Exercise brief » Please write out only the lines from the line with "Inundaciones Tras Fuertes" to the line with "Texas Longhorn Mount", inclusive, exactly as they stand below, without the pictures.

Provided records »

-*-

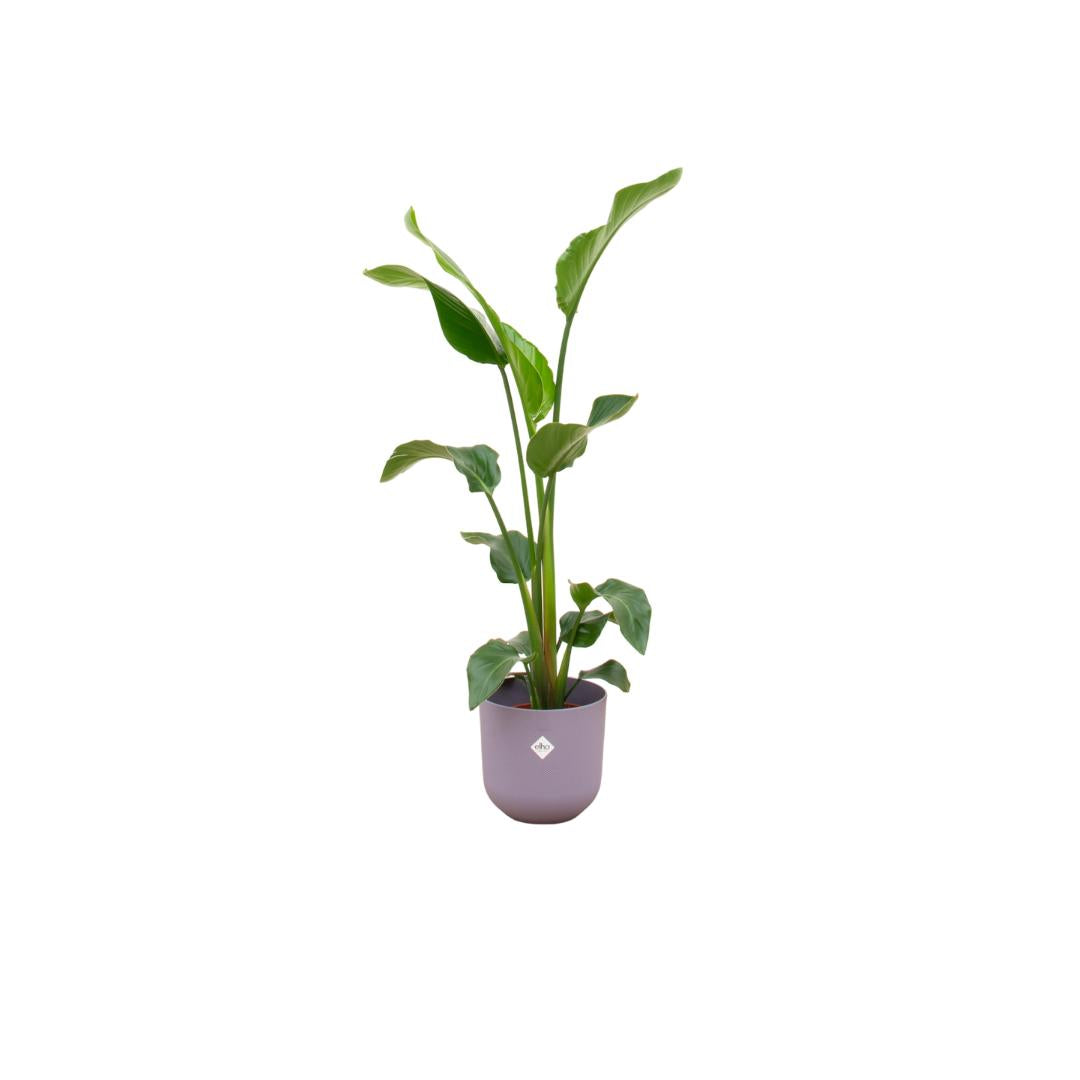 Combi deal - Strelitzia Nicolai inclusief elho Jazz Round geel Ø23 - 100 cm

-*-

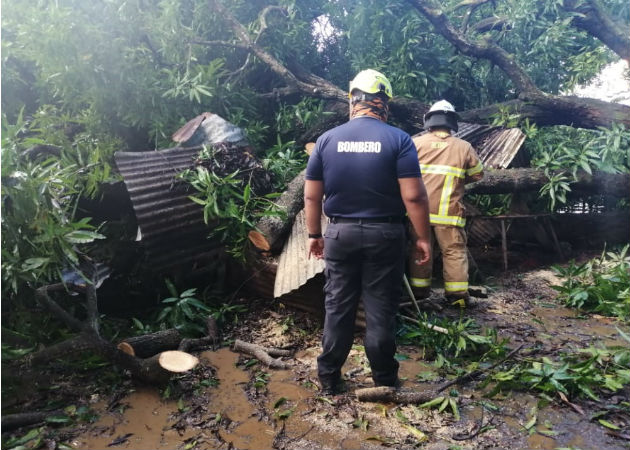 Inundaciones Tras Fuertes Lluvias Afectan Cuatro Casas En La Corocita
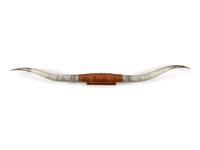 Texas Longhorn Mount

-*-

Result of the task »
 Inundaciones Tras Fuertes Lluvias Afectan Cuatro Casas En La Corocita
 Texas Longhorn Mount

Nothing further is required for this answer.